Francona loves to pull out his "Hall of Fame thing": If a pitcher throws seven shutout innings in his first start, Red Sox fans will start designing his plaque for Cooperstown -- but if he gets shelled, they'll be ready to run him out of town.

Still, though, there's a lot riding on this start for Matsuzaka.

He was a different pitcher this season than he's been for the Red Sox in the past, but he's been a different pitcher for the Red Sox than he was in Japan.

"He kind of evolved the last couple of years and got away from the guy we signed -- for a few different reasons," Francona said with a surprising candor. "What we're hoping to do is see closer to the stuff we saw when we signed him.
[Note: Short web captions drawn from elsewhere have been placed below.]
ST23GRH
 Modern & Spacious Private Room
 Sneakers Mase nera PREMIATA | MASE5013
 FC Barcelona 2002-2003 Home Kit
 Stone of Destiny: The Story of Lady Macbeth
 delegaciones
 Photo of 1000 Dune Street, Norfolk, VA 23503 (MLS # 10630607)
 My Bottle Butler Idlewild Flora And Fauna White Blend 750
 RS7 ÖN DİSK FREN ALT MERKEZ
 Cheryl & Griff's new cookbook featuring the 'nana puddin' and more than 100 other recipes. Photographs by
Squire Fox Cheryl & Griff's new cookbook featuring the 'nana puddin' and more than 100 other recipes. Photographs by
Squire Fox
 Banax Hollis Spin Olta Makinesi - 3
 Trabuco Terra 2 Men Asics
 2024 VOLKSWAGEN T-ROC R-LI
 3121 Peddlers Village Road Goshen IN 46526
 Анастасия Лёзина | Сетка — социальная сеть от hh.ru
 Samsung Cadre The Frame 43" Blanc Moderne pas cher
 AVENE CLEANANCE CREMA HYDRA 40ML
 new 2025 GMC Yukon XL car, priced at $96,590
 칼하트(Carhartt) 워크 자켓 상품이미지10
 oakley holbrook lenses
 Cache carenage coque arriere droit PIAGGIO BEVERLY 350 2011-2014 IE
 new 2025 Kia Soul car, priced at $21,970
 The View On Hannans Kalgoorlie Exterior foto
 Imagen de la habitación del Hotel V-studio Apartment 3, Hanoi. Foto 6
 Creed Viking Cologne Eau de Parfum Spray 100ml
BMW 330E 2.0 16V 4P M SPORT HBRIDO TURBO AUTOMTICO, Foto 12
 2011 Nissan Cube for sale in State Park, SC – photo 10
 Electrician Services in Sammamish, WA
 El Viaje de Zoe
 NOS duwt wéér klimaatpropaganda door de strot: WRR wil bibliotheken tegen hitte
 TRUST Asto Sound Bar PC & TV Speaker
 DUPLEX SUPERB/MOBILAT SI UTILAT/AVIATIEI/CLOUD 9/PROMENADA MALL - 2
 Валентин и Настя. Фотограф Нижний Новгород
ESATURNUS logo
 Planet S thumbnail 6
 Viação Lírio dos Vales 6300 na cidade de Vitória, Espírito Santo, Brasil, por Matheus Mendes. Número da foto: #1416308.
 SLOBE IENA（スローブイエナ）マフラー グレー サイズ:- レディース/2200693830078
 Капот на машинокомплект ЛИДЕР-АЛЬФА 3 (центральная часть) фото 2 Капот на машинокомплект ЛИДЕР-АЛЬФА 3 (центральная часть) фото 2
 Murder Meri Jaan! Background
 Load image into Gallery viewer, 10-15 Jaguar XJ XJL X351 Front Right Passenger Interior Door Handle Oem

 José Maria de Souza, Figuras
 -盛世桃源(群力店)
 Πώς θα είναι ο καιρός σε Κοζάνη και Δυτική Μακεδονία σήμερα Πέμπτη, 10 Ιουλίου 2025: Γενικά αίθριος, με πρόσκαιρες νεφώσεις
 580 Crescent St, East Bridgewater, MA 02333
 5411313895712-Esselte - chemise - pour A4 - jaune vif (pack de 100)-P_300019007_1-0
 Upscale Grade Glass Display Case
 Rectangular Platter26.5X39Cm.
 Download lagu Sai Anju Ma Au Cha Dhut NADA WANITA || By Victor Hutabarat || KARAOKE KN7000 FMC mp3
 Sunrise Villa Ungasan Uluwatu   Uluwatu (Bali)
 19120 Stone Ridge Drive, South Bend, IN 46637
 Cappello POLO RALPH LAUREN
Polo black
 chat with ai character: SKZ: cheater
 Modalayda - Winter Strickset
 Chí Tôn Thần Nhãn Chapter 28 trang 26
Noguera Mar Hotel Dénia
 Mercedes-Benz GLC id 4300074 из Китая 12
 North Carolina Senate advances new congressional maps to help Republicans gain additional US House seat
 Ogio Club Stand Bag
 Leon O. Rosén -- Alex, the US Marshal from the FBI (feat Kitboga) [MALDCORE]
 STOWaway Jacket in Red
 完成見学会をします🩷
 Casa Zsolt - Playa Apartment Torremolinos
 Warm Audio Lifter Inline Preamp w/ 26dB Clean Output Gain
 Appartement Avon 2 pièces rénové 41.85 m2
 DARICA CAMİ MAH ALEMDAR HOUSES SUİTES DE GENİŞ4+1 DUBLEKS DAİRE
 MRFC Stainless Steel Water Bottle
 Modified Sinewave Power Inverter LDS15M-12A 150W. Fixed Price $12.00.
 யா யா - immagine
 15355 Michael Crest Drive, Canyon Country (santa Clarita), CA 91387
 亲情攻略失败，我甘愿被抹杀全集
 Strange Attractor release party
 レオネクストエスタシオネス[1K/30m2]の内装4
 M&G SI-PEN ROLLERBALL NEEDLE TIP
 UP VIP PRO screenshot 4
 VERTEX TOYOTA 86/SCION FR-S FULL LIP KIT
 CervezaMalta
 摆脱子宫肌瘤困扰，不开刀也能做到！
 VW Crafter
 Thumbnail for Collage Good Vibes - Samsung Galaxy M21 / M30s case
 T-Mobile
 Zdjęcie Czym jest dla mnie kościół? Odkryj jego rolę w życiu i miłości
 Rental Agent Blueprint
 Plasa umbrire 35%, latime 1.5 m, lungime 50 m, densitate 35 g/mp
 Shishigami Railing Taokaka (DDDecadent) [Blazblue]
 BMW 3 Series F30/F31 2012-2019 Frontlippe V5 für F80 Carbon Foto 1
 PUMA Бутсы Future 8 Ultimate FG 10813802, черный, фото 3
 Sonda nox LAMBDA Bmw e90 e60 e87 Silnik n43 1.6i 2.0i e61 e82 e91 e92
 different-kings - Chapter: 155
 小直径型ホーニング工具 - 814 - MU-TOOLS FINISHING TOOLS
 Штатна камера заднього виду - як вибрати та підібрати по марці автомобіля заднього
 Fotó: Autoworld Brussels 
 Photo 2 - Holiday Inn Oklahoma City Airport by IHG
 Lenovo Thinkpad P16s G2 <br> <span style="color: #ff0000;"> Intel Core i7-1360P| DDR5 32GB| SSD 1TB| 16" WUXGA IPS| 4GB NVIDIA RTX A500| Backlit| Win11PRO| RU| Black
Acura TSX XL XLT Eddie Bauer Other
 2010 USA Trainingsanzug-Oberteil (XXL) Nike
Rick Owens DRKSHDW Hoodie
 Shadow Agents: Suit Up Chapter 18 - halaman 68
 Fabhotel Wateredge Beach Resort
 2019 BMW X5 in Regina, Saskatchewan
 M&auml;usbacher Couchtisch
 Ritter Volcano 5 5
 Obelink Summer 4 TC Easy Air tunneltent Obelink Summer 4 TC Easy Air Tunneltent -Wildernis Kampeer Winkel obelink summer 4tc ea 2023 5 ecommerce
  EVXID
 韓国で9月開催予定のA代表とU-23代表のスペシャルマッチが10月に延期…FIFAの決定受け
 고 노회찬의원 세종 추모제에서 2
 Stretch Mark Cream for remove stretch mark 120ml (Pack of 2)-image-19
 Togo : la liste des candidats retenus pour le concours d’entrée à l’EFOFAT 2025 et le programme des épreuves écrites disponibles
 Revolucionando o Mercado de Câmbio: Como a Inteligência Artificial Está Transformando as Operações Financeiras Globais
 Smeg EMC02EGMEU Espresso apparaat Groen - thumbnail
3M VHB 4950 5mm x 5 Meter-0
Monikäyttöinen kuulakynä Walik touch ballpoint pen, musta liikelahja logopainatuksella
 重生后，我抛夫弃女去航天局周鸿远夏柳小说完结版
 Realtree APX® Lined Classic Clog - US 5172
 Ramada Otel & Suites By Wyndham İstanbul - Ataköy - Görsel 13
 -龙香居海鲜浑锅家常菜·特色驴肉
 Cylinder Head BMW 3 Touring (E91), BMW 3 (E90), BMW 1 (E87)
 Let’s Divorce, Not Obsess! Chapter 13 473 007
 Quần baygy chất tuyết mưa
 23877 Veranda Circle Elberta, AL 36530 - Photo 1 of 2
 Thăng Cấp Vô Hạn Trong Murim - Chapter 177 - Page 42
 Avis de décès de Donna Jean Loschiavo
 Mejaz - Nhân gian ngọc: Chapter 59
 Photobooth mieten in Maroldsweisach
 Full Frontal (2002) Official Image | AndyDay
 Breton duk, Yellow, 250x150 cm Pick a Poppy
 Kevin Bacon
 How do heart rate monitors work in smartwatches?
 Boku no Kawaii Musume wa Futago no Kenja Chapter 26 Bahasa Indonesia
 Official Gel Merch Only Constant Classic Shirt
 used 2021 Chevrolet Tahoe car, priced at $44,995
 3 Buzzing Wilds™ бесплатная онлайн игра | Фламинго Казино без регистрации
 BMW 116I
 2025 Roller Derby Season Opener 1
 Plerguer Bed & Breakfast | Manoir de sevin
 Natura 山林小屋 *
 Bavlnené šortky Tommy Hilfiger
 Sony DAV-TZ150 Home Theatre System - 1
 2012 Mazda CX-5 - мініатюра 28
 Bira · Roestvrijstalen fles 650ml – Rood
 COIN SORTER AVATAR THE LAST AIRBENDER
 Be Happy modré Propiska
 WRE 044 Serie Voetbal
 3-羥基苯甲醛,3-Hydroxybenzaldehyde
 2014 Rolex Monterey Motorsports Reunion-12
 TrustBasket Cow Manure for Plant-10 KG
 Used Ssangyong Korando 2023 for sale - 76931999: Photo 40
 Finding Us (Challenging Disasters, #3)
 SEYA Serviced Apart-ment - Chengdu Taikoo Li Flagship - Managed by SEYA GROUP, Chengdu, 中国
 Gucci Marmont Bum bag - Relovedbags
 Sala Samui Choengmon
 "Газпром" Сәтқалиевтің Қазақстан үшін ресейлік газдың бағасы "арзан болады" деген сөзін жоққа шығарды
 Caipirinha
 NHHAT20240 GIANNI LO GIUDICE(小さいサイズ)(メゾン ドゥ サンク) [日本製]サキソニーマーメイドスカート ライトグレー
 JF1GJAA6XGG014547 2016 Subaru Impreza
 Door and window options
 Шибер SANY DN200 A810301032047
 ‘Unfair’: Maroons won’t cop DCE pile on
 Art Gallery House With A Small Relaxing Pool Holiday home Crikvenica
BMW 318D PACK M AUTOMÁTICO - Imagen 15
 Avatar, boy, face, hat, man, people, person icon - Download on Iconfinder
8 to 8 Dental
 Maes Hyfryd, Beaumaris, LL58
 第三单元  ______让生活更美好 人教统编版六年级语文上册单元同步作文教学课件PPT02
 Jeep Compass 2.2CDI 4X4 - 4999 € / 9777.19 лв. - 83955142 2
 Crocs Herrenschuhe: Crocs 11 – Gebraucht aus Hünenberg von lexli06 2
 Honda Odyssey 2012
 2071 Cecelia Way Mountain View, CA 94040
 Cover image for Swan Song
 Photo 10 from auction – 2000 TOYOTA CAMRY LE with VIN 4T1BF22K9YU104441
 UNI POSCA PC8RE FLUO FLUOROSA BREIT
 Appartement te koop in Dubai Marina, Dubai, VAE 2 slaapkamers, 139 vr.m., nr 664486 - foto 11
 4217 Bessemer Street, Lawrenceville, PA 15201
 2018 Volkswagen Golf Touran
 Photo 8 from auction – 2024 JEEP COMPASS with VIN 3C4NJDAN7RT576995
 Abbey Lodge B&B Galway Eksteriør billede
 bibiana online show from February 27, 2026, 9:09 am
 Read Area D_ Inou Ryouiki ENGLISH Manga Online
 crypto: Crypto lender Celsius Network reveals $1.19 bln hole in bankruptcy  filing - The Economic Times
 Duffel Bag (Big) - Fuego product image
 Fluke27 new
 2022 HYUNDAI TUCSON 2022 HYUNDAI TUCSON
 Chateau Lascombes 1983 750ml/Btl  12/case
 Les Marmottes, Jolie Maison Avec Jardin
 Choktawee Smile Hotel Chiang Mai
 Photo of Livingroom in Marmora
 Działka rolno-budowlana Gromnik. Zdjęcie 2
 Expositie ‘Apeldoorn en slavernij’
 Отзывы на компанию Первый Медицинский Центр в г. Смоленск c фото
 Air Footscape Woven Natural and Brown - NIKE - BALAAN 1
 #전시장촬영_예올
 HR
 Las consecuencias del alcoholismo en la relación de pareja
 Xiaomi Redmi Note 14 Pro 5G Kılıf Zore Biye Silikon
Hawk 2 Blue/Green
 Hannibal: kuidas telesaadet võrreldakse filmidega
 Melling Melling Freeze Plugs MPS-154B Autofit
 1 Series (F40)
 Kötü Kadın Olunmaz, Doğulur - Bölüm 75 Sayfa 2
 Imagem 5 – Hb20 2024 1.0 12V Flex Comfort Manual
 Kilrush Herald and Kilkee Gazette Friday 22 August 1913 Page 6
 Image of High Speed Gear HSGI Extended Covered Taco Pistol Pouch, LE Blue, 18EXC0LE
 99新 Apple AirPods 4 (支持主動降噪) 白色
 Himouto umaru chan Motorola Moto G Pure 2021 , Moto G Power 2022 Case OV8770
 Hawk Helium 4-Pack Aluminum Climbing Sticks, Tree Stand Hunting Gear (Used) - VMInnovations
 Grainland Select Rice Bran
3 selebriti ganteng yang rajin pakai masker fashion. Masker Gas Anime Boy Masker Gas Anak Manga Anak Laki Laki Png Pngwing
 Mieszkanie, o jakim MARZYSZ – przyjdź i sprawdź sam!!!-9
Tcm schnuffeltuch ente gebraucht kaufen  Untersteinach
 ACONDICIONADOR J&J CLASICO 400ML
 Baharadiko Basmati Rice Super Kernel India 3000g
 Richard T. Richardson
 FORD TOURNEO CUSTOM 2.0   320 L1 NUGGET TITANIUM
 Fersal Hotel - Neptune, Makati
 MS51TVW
You might not see the exact same stuff -- I don't know if that's fair -- but closer to it."

The key for Matsuzaka, as it is for every pitcher, will be to command each of his pitches. Matsuzaka came to the United States with a reputation for throwing half a dozen or more pitches, but he's whittled his repertoire down to a fastball, a cutter, a changeup and a curveball. The issue for him earlier this season was that he couldn't distinguish any of his pitches from each other.

Below is a start from last September in which he tossed seven shutout innings against the Toronto Blue Jays:


Below is a start from early June in which he allowed five earned runs in five innings against the Texas Rangers:

The issue is pretty clear: Matsuzaka's fastball looked like his cutter, and his cutter looked like his breaking ball. When a pitcher can't distinguish his pitches, none of them are going to be very effective.

Combine that with the fact that he was pounding the strike zone the way coaches and fans alike have begged him to do, and it's not surprise he got hit hard.

(Here's his strike-zone chart from last September. Compare that to his strike-zone chart from June.)

If he can pound the strike zone with a variety of pitches that don't all look the same, he might just be successful.

That would mean a lot to the Red Sox -- and not just because they have a $103 million investment to justify.

They might lead the wild-card race by a growing margin, but there's nothing locked up that a bad week couldn't undo. If the Angels knock Matsuzaka out of Tuesday's game in the third inning and Paul Byrd follows that up with a stinker on Wednesday, the Red Sox could find themselves reeling -- and with a depleted bullpen -- with no days off until the end of the season.

Then again, with Michael Bowden and Junichi Tazawa still available, one bad start from Matsuzaka doesn't have to throw the Red Sox into a tailspin.

"I don't know that it necessarily needs to derail us," Francona said. "We're at the point in the season where we have other options. We have backups. We don't have to do something we're not comfortable with.

"It is unique. I understand that. But I don't think it has to get in the way of what we're doing."